New selective supersampling demo

BTW, and I forget and is too lazy to check, XB360's Xenos does 2xMSAA "for free" right?
Actualy, any present GPU that is capable of outputing 2 multisamples per clock could do "free" 2xMS if there is enough bandwidth (once again) and Xenos have a lot of it, dedicated just for framebuffer op's like this, while super-sampling would stress enough the texturing capacity and overflow the small amount of the eDRAM buffer even more than the HD screen mode does already.
 
Last edited by a moderator:
Vysez said:
Other than the DB part, Humus, why does this demo require SM3.0?

Is it mandatory due to the technology you use or is it simply because you coded your app with SM3.0 in mind?
He uses gradient instructions, which I think are only available in SM3.0. Can't remember if they're in any of the SM2.x profiles. But that's likely why.
 
Vysez said:
Other than the DB part, Humus, why does this demo require SM3.0?
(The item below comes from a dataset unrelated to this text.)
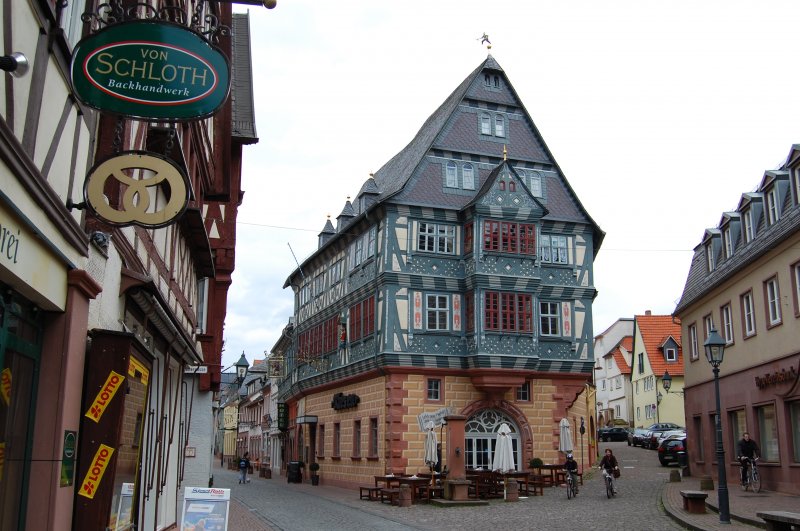 Das lteste deutsche Gasthaus - der Riese. Die Kche wie das ganze Lokal berhaupt sind echt empfehlenswert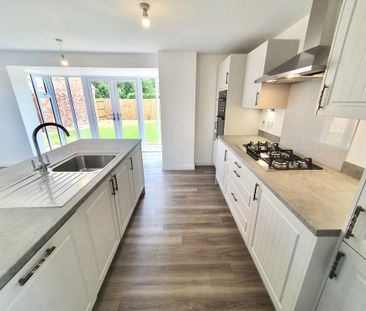 4 bedroom detached house to rent - Photo 6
Is it mandatory due to the technology you use or is it simply because you coded your app with SM3.0 in mind?
Already cursing the X800? (Didn't take long! :p)
 
Dave Baumann said:
Already cursing the X800? (Didn't take long! :p)
I already miss the R9250, to be honest. :cry:

Poor, R9250, she got smashed into pieces by some maniac...

:devilish:
 
fellix said:
Acctualy, any present GPU that is capable of outputing 2 multisamples per clock could do "free" 2xMS if there is enough bandwidth (once again) and Xenos have a lot of it, dedicated just for framebuffer op's like this, while super-sampling would stress enough the texturing capacity and overflow the small amount of the eDRAM buffer even more than the HD screen mode does already.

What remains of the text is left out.